Major airline delays and flight cancellations are likely due to the wind alone from Chicago and Detroit to Washington, D.C., Baltimore, Philadelphia, New York City and Boston. Wind-related delays are possible as far south as Charlotte, North Carolina, and Atlanta.

Airlines were waiving change fees ahead of the storm, according to the USA Today.

Most of the problems from the storm in Washington, D.C., and Baltimore will be due to the wind and not so much from rain and any brief period of snow at the end.

Coastal inundation may behave like a tropical storm or hurricane

Depending on the wind direction, ocean and/or bay waters will be pushed inland, and substantial coastal flooding and beach erosion are anticipated. As the storm moves along and the wind shifts, areas that were not flooded initially may take on water.

Tides are likely to run 2-4 feet above normal. Tides may be as much as 5 feet above normal at peak, where the shape of the coast acts as a funnel and prevents water from escaping.

The worse conditions are likely in eastern Massachusetts.

Offshore waves of 30 feet are forecast. All vessels are encouraged to remain in port. Large vessels should remain at sea until the storm moves away later this weekend.


However, areas father south and north may also experience coastal flooding.

Lake shore flooding is likely along the southern shorelines of lakes Erie, Ontario and Michigan.

Storm to produce flooding rainfall in some communities

Rain will fall in most areas during the first part of the storm. As the storm strengthens, rainfall rates will increase along with the wind.

Rain may be so intense that it leads to widespread urban and small stream flooding from part of eastern Pennsylvania and central New Jersey on to the northeastern to eastern Massachusetts. Rainfall in part of this area may range between 3 and 5 inches from the storm, with the heaviest rainfall likely during the day Friday.

Significant travel disruptions on area roads are likely from New York City to Boston as a result.

Pockets of urban and small stream flooding may occur farther west to the Appalachians. However, a change to heavy wet snow or a sweep of dry air at the height of the storm may mitigate these problems.

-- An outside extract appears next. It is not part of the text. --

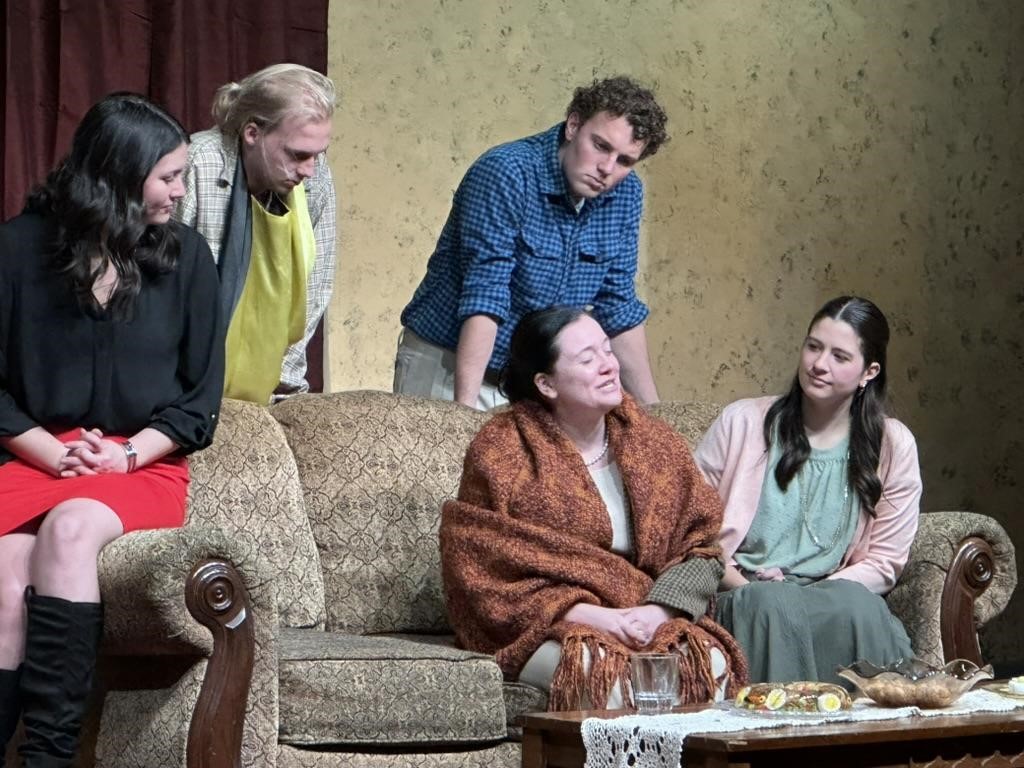 From left, Allie Newton, Seth Griffin, Elijah Ritter, Gillian Randall, and Jadyn McKelvey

Heavy wet snow to pile up in a hurry

A change to heavy, wet snow is in store for many areas as the storm progresses.

While this changeover process will be complex, it will generally begin over the lower Great Lakes later Thursday and progress to the higher elevations of the Appalachians and then coastal areas from the upper mid-Atlantic to New England Friday.


The heaviest snow is forecast over much of western, central and southeastern New York state with the likelihood of at least a few inches of snow around New York City. However, it's possible that much heavier snow falls in New York City to perhaps as far south as Philadelphia.

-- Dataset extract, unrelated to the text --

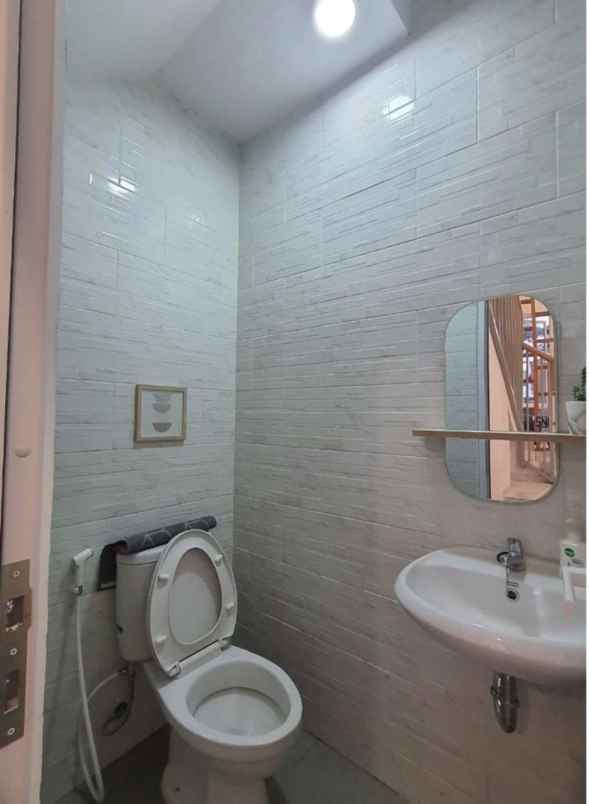 rumah pancoran mas depok 900 meter tol sawangan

In lieu of high winds, the snow will be heavy and wet enough to weigh down trees and power lines. The weight of the snow, whether it be a few inches to 18 inches will be difficult to shovel and plow.

Portions of western and northern Pennsylvania, northern New Jersey and southwestern New England will receive a heavy snowfall as well near the tail end of the storm's precipitation.

How quickly cold air is drawn into the storm near the end will determine how far south snow falls in the mid-Atlantic and in southeastern New England.

The storm will end from west to east during Friday and Friday night. However, strong winds will continue into Saturday in some communities.

Blustery and cold conditions are likely to linger along much of the Atlantic Seaboard into Sunday.